The castle, often besieged (notably by Simon de Montfort in 1211 and 1212), resisted assault and was only taken once, in 1486, thanks to treachery during the war between two branches of the Foix family.

From the 14th century, the Counts of Foix spent less and less time in the uncomfortable castle, preferring the Governors' Palace. From 1479, the Counts of Foix became Kings of Navarre and the last of them, made Henri IV of France, annexed his Pyrrenean lands to France.

As seat of the Governor of the Foix region from the 15th century, the castle continued to ensure the defence of the area, notably during the Wars of Religion. Alone of all the castles in the region, it was exempted from the destruction orders of Richelieu (1632-1638).
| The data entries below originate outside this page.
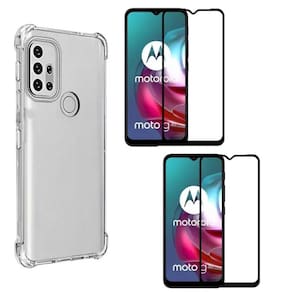 Kit Capa Anti Impacto + 2 Películas Vidro 3D Para Moto G30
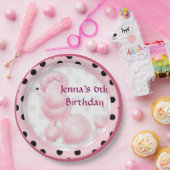 Pink Poodle Geburtstagsparty Paper Teller (Party)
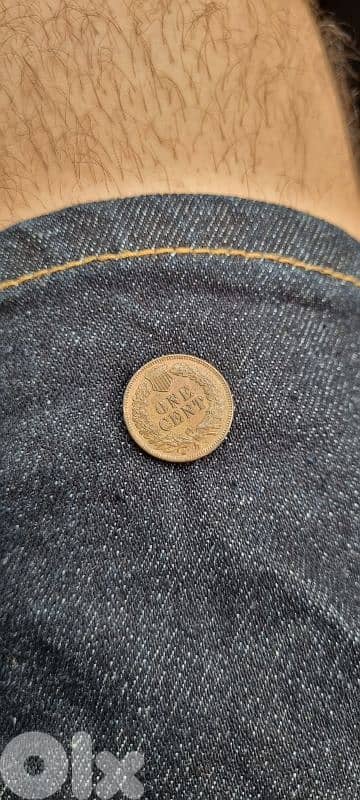 bargain indian usa cent  letter  S google it to see original price 12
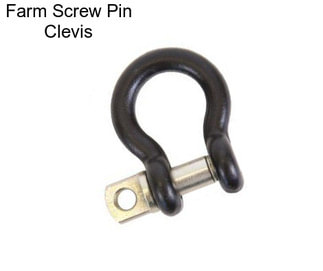 Farm Screw Pin Clevis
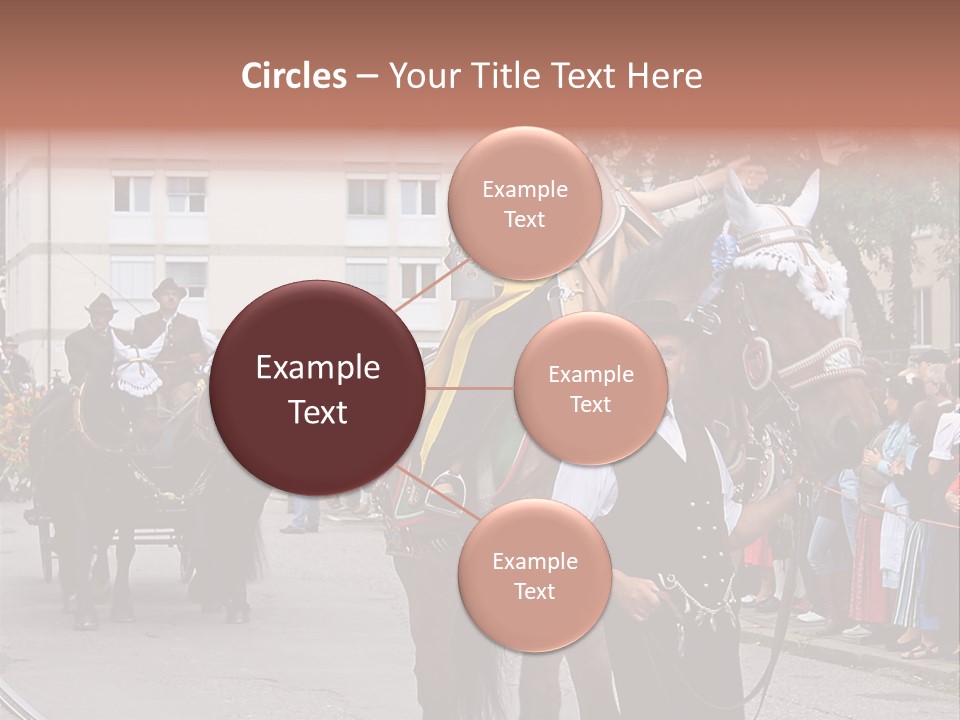 Horse Fair Carriage PowerPoint Template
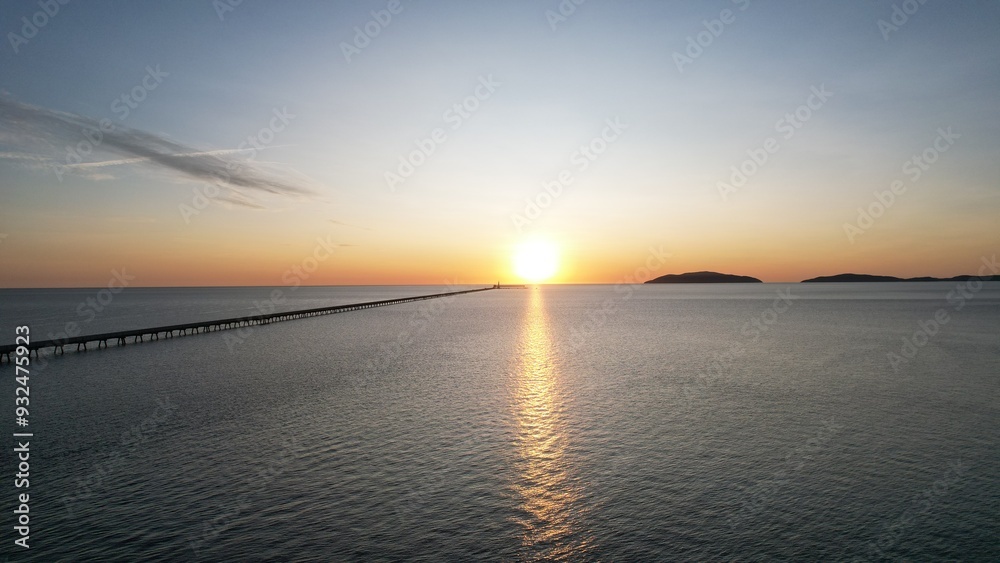 Naklejka premium Aerial photo of Lucinda Queensland Australia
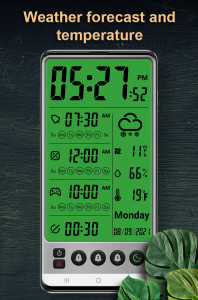اسکرین شات برنامه Alarm clock 2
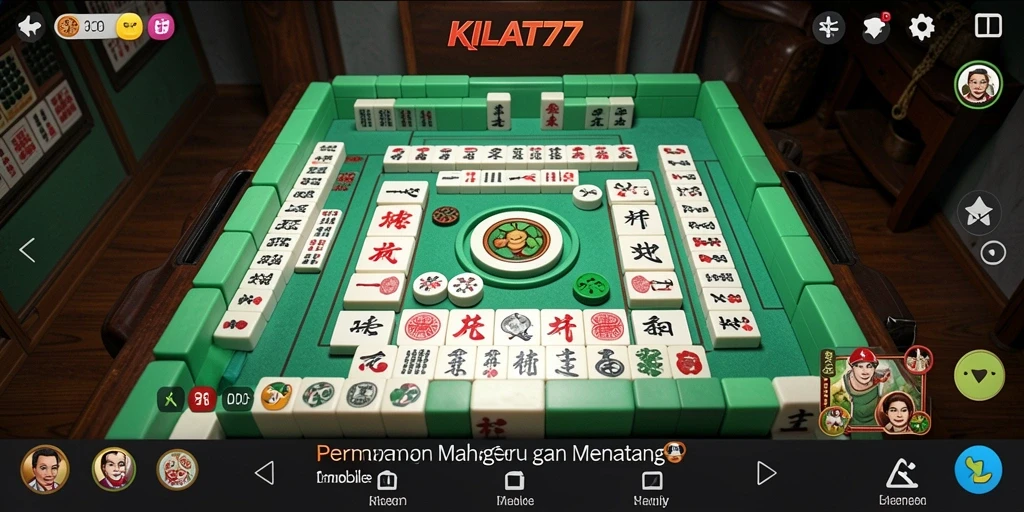 Tampilan menarik dari gameplay Mahjong KILAT77 yang penuh warna.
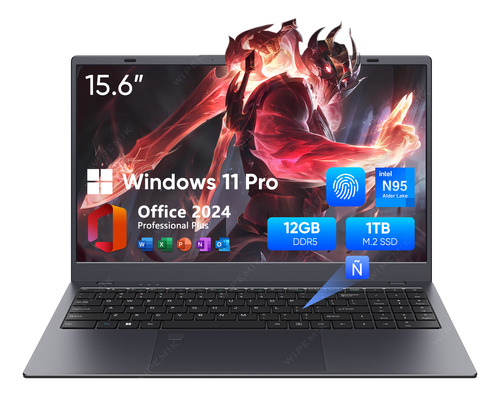 Laptop Intel N95 Ddr5 4 Núcleos 12gb Ram 1000gb Ssd Notebook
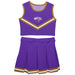 Western Carolina Catamounts Vive La Fete Game Day Purple Sleeveless Cheerleader Set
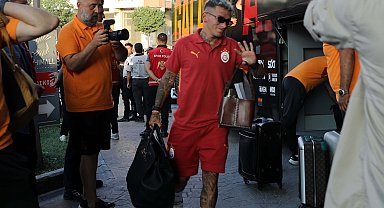 Galatasaray kafilesi Gaziantep'te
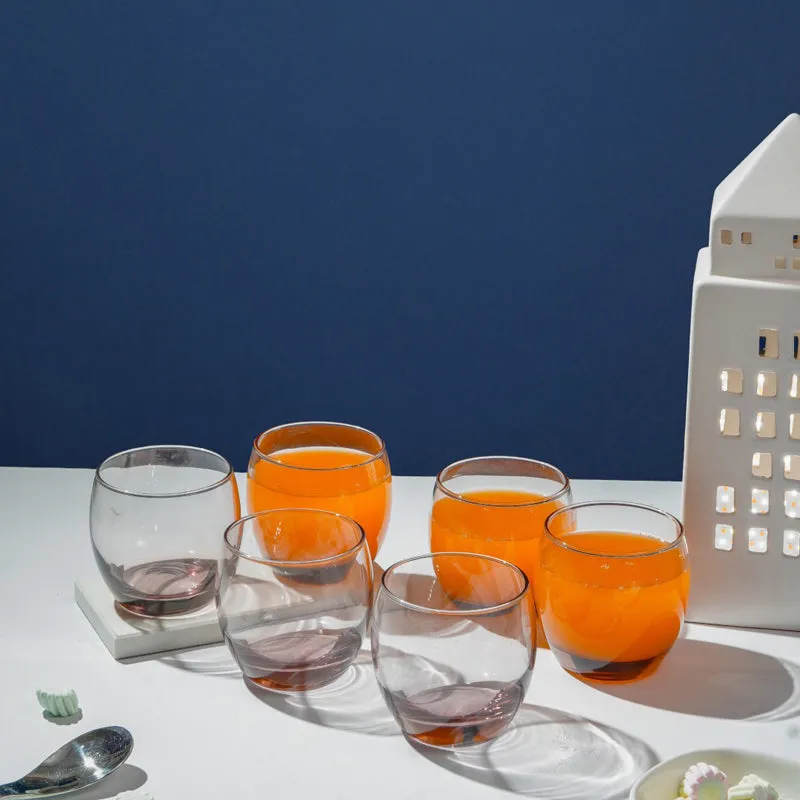Luminarc Salto Whiskey Glass (320 mL/Pink) - Set Of Six media 3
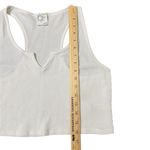 Aerie  White Waffle Knit Crop Tank Top Photo 6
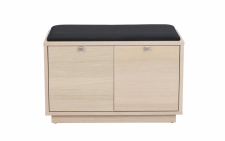 Bank 'Confetti' 70cm - Weiß pigmentiert/Schwarz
Until the Revolution, the fortress remained a garrison. Its life was brightened with grand receptions for its governors, including the Count of Tréville, captain of musketeers under Louis XIII and Marshal Philippe Henri de Ségur, one of Louis XVI's ministers. The Round Tower, built in the 15th century, is the most recent, the two square towers having been built before the 11th century. They served as a political and civil prison for four centuries until 1862.

Since 1930, the castle has housed the collections of the Ariège départemental museum. Sections on prehistory, Gallo-Roman and mediaeval archaeology tell the history of Ariège from ancient times. Currently, the museum is rearranging exhibits to concentrate on the history of the castle site so as to recreate the life of Foix at the time of the Counts.